● Source data:

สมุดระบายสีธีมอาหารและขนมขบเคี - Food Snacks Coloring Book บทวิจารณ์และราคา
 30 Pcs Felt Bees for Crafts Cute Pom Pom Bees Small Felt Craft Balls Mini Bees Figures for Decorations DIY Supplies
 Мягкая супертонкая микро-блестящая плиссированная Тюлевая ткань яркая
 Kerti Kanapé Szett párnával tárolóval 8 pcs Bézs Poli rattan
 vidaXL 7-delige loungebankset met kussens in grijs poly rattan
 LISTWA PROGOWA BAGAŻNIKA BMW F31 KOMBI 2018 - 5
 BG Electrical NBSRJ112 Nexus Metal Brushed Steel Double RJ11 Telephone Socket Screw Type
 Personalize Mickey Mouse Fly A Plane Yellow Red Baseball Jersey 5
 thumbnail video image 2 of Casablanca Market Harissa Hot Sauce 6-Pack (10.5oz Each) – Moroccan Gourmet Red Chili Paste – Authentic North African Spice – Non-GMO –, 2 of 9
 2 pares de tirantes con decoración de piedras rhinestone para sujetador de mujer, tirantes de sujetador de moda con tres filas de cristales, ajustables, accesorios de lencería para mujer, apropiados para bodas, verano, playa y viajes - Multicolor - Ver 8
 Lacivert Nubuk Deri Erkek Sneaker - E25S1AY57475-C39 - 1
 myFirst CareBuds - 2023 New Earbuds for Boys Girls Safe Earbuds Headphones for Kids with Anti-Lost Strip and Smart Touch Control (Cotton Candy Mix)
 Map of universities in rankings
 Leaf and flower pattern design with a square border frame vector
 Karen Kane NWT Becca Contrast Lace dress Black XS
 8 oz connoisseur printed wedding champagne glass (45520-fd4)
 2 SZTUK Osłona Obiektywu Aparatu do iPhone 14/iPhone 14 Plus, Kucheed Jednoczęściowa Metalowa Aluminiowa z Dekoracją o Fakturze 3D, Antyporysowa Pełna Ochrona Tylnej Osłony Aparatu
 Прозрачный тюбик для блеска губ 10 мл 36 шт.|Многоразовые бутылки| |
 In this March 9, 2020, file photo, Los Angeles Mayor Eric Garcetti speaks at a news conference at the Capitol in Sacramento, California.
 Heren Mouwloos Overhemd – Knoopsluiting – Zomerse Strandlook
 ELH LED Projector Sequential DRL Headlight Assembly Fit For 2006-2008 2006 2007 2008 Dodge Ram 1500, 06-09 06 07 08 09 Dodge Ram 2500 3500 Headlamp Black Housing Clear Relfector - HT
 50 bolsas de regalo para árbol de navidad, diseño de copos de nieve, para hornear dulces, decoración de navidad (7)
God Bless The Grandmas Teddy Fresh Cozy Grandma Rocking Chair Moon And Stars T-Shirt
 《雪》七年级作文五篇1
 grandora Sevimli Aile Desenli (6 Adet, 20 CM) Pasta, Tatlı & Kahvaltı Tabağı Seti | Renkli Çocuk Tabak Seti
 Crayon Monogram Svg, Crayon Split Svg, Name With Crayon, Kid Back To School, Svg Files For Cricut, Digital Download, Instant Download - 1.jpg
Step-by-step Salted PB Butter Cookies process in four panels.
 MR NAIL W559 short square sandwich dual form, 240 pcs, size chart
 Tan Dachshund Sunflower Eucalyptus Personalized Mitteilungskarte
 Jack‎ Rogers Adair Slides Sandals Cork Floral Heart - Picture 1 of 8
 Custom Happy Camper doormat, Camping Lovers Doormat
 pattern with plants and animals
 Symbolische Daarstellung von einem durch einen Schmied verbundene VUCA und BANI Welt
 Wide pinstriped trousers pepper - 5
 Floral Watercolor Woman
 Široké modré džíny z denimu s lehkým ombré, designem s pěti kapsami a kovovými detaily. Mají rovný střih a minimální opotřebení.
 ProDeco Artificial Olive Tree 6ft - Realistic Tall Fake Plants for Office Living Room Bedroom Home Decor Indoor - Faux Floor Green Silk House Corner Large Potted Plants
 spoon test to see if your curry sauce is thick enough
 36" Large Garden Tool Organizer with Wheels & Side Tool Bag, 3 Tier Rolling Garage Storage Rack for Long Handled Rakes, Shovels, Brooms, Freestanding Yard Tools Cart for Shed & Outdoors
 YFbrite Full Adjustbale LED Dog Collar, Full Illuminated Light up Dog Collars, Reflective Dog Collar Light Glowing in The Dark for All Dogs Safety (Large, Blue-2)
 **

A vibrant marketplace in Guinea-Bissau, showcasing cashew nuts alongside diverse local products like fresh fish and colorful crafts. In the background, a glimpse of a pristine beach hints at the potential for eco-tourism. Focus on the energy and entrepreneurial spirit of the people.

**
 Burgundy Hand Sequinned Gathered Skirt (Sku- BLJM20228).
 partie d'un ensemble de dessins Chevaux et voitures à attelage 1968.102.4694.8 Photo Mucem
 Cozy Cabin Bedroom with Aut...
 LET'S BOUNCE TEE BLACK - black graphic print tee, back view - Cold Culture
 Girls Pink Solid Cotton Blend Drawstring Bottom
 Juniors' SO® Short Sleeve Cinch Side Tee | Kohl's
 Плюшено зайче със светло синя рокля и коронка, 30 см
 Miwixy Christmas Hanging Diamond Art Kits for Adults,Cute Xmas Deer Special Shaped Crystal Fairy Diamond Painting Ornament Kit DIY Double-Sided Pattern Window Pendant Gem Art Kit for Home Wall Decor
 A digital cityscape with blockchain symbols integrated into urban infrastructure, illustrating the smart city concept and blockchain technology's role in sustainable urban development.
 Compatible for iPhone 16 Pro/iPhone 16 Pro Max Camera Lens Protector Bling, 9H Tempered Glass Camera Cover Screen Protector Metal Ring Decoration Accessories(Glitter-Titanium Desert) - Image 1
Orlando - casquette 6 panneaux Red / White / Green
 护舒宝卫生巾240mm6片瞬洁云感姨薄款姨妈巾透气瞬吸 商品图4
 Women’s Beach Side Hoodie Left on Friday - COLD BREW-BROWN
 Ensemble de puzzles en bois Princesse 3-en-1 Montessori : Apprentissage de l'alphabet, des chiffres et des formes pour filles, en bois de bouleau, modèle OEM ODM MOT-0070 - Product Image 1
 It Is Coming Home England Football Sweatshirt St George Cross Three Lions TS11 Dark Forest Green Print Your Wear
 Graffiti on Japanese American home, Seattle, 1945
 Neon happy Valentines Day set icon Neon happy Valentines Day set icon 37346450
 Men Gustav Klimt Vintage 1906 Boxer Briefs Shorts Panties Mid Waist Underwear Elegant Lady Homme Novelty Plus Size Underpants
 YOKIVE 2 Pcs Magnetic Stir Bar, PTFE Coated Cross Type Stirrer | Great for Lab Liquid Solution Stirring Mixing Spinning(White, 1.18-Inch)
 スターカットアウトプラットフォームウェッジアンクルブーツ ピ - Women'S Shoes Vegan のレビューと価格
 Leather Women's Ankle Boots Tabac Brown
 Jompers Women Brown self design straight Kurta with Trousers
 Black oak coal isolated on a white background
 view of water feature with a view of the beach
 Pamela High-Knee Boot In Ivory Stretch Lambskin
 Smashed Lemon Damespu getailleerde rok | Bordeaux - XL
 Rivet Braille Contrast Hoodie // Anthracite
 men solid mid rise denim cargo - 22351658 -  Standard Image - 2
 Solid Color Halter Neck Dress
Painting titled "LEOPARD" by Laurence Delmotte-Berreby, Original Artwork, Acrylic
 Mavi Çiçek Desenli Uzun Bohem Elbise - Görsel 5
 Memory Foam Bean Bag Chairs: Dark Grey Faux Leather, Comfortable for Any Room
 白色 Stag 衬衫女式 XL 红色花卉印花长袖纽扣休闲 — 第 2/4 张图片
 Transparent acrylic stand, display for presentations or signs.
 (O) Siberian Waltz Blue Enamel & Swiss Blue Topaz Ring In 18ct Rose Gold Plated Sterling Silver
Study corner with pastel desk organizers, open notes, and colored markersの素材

● Problem description:
Repeat the lines from the first one in the records through the line containing "Personalize Mickey Mouse", exactly as written, and nothing else.

● Exercise solution:
สมุดระบายสีธีมอาหารและขนมขบเคี - Food Snacks Coloring Book บทวิจารณ์และราคา
 30 Pcs Felt Bees for Crafts Cute Pom Pom Bees Small Felt Craft Balls Mini Bees Figures for Decorations DIY Supplies
 Мягкая супертонкая микро-блестящая плиссированная Тюлевая ткань яркая
 Kerti Kanapé Szett párnával tárolóval 8 pcs Bézs Poli rattan
 vidaXL 7-delige loungebankset met kussens in grijs poly rattan
 LISTWA PROGOWA BAGAŻNIKA BMW F31 KOMBI 2018 - 5
 BG Electrical NBSRJ112 Nexus Metal Brushed Steel Double RJ11 Telephone Socket Screw Type
 Personalize Mickey Mouse Fly A Plane Yellow Red Baseball Jersey 5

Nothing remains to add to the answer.